1916 - Du pain ! Rendez-nous notre boulanger !

Lors de la séance extraordinaire du 19 mars 1916, pétri de bonnes intentions, le Conseil municipal de Campagne-de-Marsan (Landes), réclame, à nouveau, le retour de son unique boulanger mobilisé, car le charpentier qui le remplace est âgé et ne fait ni l’affaire ni le bon pain ! Et ne parlons même pas des chocolatines ! Réitéré à plusieurs reprises, ce « vœu » finit par être exaucé, et Pierre Larrieu, qui compte tenu de son âge (43 ans) n’avait pas été envoyé dans les tranchées, réintégra sa boulangerie en avril 1917. Son absence avait dû paraître « longue comme un jour sans pain » à ses compagnons de villageois à qui on avait presque enlevé le pain de la bouche. Ce billet est également l’occasion de jouer avec vous au riche vocabulaire de la boulange.

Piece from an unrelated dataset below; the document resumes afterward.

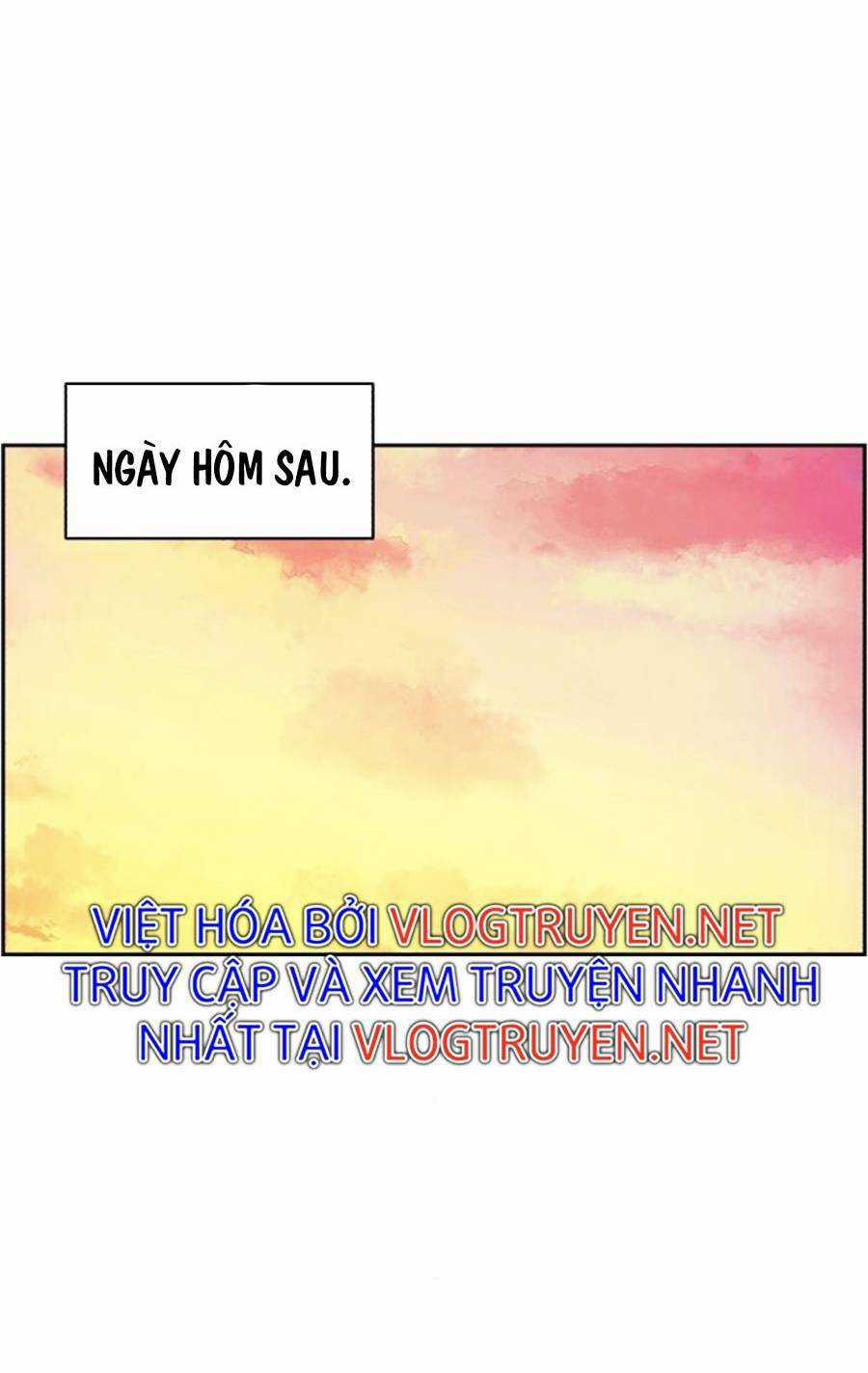 Bạn Học Tôi Là Lính Đánh Thuê Chapter 84 trang 75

Connaissez-vous toutes les expressions en italique dans ce billet ?

 

Sans vrai boulanger, les Campenois mangent leur pain noir.

 

« Le conseil, considérant que le soldat Larrieu Pierre, classe 1893, mobilisé à la station-magasins de Pithiviers exerce dans notre commune de la profession de boulanger ; que cette boulangerie est la seule à ravitailler la population de la commune et celle des environs dont les boulangers sont aussi mobilisés ; que le départ de Larrieu à part suite porté un grand préjudice à ces populations, que l’ouvrier employé à la boulangerie, charpentier de son état, âgé de 60 ans sera peut-être forcé, en raison de son âge, d’abandonner ce travail et que la boulangerie sera à l’heure fermée, émet de nouveau le vœu qu’un sursis soit accordé au boulanger Larrieu Pierre. Signé : le maire et les conseillers municipaux ».

 

Vœu de sursis pour le boulanger Pierre Larrieu, par le Conseil municipal du 19 mars 1916 (AD40 Campagne-1915 - 1945-E DEPOT 61/1D6 page 11).

 

« Mieux vaut pain en poche que plume au chapeau ».

 

En l’absence du boulanger titulaire, c’est un charpentier, certes bon comme du bon pain, âgé de 60 ans qui était chargé de la boulange, pour gagner sa croûte. Mais, lors d’une précédente délibération du 30 janvier de la même année, le Conseil municipal, sans aller jusqu’à vouloir lui faire passer le goût du pain, avait souligné que « la manutention était imparfaite », c’est-à-dire que le pain laissait fortement à désirer, et émettait déjà le vœu d’un sursis pour récupérer son unique boulanger. Un véritable problème de santé publique et un nouveau vœu de sursis - ça ne mange pas de pain - fut émis par le Conseil municipal lors de sa séance du 22 octobre 1916, car c’est bien connu il vaut mieux courir à la miche qu’au médecin.

 

Au four et au moulin, le soldat-boulanger Pierre Larrieu.

 
Pierre Larrieu, né le 7 avril 1873, était le seul boulanger de la commune qui comptait alors un millier d’âmes désormais mises au pain sec et à l’eau. Son père se prénommait également Pierre et sa mère était Jeanne Daudon. Il avait effectué son service militaire en 1894-1895 au 34e Régiment de ligne. Sa fiche militaire nous dit qu’il mesurait 1,63 m, qu’il avait des cheveux et des sourcils noirs et un degré d’instruction classé trois, c’est-à-dire qu’il savait lire, écrire et compter, ce qui était fondamental pour un commerçant.

 

Lorsque le conflit a éclaté, Pierre a été rappelé en dépit de son âge, et est arrivé à son corps d'armée le 8 octobre 1914. Puis il a été versé dans la 5ème Section des Commis et des Ouvriers le 3 janvier 1916, à Pithiviers. 

 

Fiche militaire de Pierre Larrieu (AD40 1893-R P 434, page 715).